START Provided material

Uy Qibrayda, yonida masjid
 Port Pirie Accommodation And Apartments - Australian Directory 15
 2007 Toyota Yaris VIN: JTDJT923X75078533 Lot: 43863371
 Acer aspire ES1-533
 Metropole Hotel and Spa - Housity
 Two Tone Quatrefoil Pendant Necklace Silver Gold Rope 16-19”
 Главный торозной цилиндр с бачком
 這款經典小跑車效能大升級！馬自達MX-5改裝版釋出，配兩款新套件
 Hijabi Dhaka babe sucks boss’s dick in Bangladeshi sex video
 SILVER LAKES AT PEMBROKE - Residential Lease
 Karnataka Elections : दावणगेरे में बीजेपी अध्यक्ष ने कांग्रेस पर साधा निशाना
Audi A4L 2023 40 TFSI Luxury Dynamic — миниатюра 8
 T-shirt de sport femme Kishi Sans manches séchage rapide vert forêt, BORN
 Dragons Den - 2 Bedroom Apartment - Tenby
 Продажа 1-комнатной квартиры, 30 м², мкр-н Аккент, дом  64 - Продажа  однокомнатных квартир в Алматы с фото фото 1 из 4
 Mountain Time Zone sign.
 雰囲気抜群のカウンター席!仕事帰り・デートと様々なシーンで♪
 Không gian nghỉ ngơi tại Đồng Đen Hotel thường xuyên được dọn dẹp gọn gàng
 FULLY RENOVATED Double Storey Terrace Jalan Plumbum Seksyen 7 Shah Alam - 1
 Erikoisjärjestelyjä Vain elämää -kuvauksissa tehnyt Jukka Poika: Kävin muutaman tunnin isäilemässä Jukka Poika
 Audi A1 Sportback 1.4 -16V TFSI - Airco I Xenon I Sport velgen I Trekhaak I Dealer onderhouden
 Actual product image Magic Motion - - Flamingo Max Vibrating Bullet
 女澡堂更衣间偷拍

END Provided material

- _Assigned task_: Transcribe the full listing exactly, omitting nothing.

- _Answer section_:
Uy Qibrayda, yonida masjid
 Port Pirie Accommodation And Apartments - Australian Directory 15
 2007 Toyota Yaris VIN: JTDJT923X75078533 Lot: 43863371
 Acer aspire ES1-533
 Metropole Hotel and Spa - Housity
 Two Tone Quatrefoil Pendant Necklace Silver Gold Rope 16-19”
 Главный торозной цилиндр с бачком
 這款經典小跑車效能大升級！馬自達MX-5改裝版釋出，配兩款新套件
 Hijabi Dhaka babe sucks boss’s dick in Bangladeshi sex video
 SILVER LAKES AT PEMBROKE - Residential Lease
 Karnataka Elections : दावणगेरे में बीजेपी अध्यक्ष ने कांग्रेस पर साधा निशाना
Audi A4L 2023 40 TFSI Luxury Dynamic — миниатюра 8
 T-shirt de sport femme Kishi Sans manches séchage rapide vert forêt, BORN
 Dragons Den - 2 Bedroom Apartment - Tenby
 Продажа 1-комнатной квартиры, 30 м², мкр-н Аккент, дом  64 - Продажа  однокомнатных квартир в Алматы с фото фото 1 из 4
 Mountain Time Zone sign.
 雰囲気抜群のカウンター席!仕事帰り・デートと様々なシーンで♪
 Không gian nghỉ ngơi tại Đồng Đen Hotel thường xuyên được dọn dẹp gọn gàng
 FULLY RENOVATED Double Storey Terrace Jalan Plumbum Seksyen 7 Shah Alam - 1
 Erikoisjärjestelyjä Vain elämää -kuvauksissa tehnyt Jukka Poika: Kävin muutaman tunnin isäilemässä Jukka Poika
 Audi A1 Sportback 1.4 -16V TFSI - Airco I Xenon I Sport velgen I Trekhaak I Dealer onderhouden
 Actual product image Magic Motion - - Flamingo Max Vibrating Bullet
 女澡堂更衣间偷拍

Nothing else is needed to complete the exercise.